■ Problem requirements: All entries must be given again in full, exactly as they were supplied.
**** Input data
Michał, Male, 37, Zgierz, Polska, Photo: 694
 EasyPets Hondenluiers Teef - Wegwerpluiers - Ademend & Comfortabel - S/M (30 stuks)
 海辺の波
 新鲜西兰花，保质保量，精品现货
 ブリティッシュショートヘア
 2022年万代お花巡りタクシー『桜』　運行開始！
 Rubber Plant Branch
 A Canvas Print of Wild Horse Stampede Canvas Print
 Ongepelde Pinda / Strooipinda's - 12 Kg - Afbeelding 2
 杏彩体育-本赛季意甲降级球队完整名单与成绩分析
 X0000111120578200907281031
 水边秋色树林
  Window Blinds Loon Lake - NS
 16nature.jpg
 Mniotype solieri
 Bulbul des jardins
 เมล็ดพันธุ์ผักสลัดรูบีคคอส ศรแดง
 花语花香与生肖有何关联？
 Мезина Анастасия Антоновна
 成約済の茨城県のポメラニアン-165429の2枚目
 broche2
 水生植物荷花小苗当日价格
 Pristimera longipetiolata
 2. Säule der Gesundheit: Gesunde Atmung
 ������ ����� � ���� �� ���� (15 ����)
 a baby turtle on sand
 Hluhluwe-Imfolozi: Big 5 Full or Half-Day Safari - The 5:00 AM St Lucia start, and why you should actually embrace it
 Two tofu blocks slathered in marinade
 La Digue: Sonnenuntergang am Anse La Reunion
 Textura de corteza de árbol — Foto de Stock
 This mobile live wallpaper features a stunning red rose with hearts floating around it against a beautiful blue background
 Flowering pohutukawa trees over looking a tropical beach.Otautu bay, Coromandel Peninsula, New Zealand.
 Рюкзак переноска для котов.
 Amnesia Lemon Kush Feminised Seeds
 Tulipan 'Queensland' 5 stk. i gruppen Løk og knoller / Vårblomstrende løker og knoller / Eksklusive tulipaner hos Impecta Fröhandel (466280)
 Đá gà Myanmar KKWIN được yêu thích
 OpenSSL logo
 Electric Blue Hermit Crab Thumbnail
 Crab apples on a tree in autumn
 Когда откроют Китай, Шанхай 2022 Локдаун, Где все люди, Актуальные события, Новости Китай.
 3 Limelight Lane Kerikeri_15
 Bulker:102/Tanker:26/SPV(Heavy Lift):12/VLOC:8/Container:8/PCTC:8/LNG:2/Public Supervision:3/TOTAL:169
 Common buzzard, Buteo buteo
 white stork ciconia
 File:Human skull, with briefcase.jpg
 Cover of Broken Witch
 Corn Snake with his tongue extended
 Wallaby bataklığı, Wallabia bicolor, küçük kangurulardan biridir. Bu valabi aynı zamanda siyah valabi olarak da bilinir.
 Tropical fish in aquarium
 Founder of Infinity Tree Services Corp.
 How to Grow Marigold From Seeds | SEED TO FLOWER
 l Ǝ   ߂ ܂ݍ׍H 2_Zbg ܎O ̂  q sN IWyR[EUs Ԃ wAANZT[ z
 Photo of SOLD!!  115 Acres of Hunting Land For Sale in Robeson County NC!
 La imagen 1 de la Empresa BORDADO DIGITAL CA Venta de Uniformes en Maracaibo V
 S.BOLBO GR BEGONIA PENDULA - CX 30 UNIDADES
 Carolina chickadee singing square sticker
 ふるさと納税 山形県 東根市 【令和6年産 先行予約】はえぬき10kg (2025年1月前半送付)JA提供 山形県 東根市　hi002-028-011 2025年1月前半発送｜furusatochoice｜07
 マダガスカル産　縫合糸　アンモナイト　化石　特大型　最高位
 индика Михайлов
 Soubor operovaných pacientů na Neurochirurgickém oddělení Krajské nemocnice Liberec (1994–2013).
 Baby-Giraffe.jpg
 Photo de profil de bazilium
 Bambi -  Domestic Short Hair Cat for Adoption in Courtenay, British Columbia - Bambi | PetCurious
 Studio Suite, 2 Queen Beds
********
■ Answer to this exercise:
Michał, Male, 37, Zgierz, Polska, Photo: 694
 EasyPets Hondenluiers Teef - Wegwerpluiers - Ademend & Comfortabel - S/M (30 stuks)
 海辺の波
 新鲜西兰花，保质保量，精品现货
 ブリティッシュショートヘア
 2022年万代お花巡りタクシー『桜』　運行開始！
 Rubber Plant Branch
 A Canvas Print of Wild Horse Stampede Canvas Print
 Ongepelde Pinda / Strooipinda's - 12 Kg - Afbeelding 2
 杏彩体育-本赛季意甲降级球队完整名单与成绩分析
 X0000111120578200907281031
 水边秋色树林
  Window Blinds Loon Lake - NS
 16nature.jpg
 Mniotype solieri
 Bulbul des jardins
 เมล็ดพันธุ์ผักสลัดรูบีคคอส ศรแดง
 花语花香与生肖有何关联？
 Мезина Анастасия Антоновна
 成約済の茨城県のポメラニアン-165429の2枚目
 broche2
 水生植物荷花小苗当日价格
 Pristimera longipetiolata
 2. Säule der Gesundheit: Gesunde Atmung
 ������ ����� � ���� �� ���� (15 ����)
 a baby turtle on sand
 Hluhluwe-Imfolozi: Big 5 Full or Half-Day Safari - The 5:00 AM St Lucia start, and why you should actually embrace it
 Two tofu blocks slathered in marinade
 La Digue: Sonnenuntergang am Anse La Reunion
 Textura de corteza de árbol — Foto de Stock
 This mobile live wallpaper features a stunning red rose with hearts floating around it against a beautiful blue background
 Flowering pohutukawa trees over looking a tropical beach.Otautu bay, Coromandel Peninsula, New Zealand.
 Рюкзак переноска для котов.
 Amnesia Lemon Kush Feminised Seeds
 Tulipan 'Queensland' 5 stk. i gruppen Løk og knoller / Vårblomstrende løker og knoller / Eksklusive tulipaner hos Impecta Fröhandel (466280)
 Đá gà Myanmar KKWIN được yêu thích
 OpenSSL logo
 Electric Blue Hermit Crab Thumbnail
 Crab apples on a tree in autumn
 Когда откроют Китай, Шанхай 2022 Локдаун, Где все люди, Актуальные события, Новости Китай.
 3 Limelight Lane Kerikeri_15
 Bulker:102/Tanker:26/SPV(Heavy Lift):12/VLOC:8/Container:8/PCTC:8/LNG:2/Public Supervision:3/TOTAL:169
 Common buzzard, Buteo buteo
 white stork ciconia
 File:Human skull, with briefcase.jpg
 Cover of Broken Witch
 Corn Snake with his tongue extended
 Wallaby bataklığı, Wallabia bicolor, küçük kangurulardan biridir. Bu valabi aynı zamanda siyah valabi olarak da bilinir.
 Tropical fish in aquarium
 Founder of Infinity Tree Services Corp.
 How to Grow Marigold From Seeds | SEED TO FLOWER
 l Ǝ   ߂ ܂ݍ׍H 2_Zbg ܎O ̂  q sN IWyR[EUs Ԃ wAANZT[ z
 Photo of SOLD!!  115 Acres of Hunting Land For Sale in Robeson County NC!
 La imagen 1 de la Empresa BORDADO DIGITAL CA Venta de Uniformes en Maracaibo V
 S.BOLBO GR BEGONIA PENDULA - CX 30 UNIDADES
 Carolina chickadee singing square sticker
 ふるさと納税 山形県 東根市 【令和6年産 先行予約】はえぬき10kg (2025年1月前半送付)JA提供 山形県 東根市　hi002-028-011 2025年1月前半発送｜furusatochoice｜07
 マダガスカル産　縫合糸　アンモナイト　化石　特大型　最高位
 индика Михайлов
 Soubor operovaných pacientů na Neurochirurgickém oddělení Krajské nemocnice Liberec (1994–2013).
 Baby-Giraffe.jpg
 Photo de profil de bazilium
 Bambi -  Domestic Short Hair Cat for Adoption in Courtenay, British Columbia - Bambi | PetCurious
 Studio Suite, 2 Queen Beds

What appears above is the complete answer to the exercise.